■ Directions for this task ■
Only one span of the listing below should come back. It runs from the line with "Sleep, travel and" through the line with "17 IMG-20251103-WA0091. jpg", and each of its lines must be reproduced exactly.

■ Given records ■
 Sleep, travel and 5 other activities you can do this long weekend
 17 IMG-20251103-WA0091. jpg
==
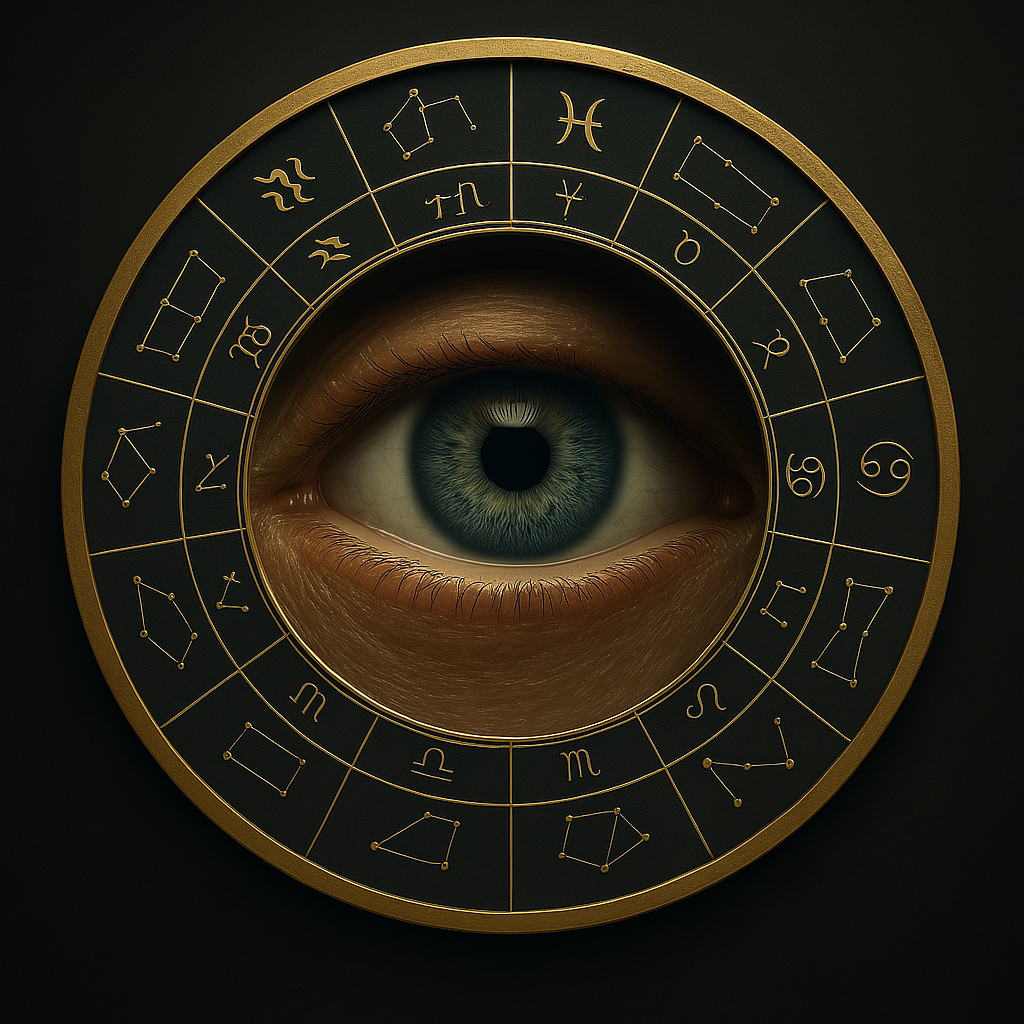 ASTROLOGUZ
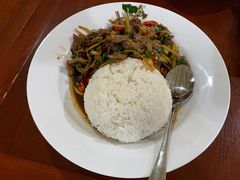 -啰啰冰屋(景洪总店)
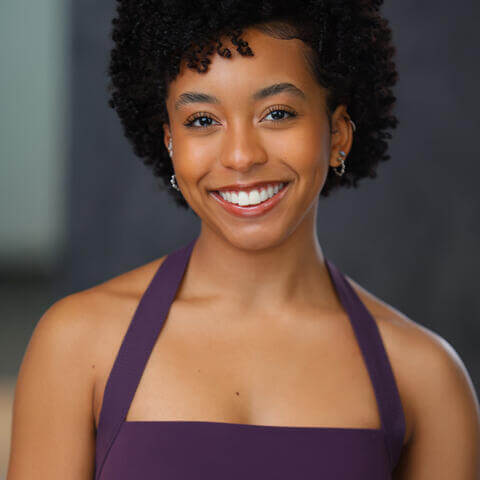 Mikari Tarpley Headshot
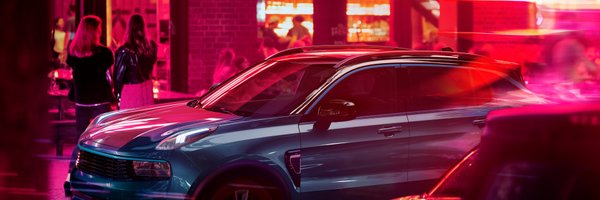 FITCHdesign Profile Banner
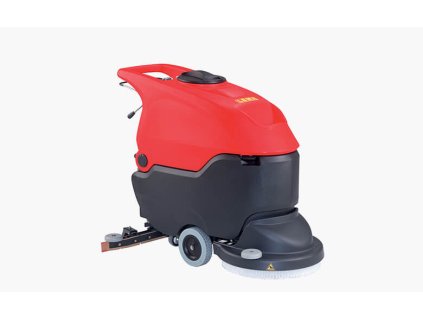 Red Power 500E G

■ Solution for this exercise ■
 Sleep, travel and 5 other activities you can do this long weekend
 17 IMG-20251103-WA0091. jpg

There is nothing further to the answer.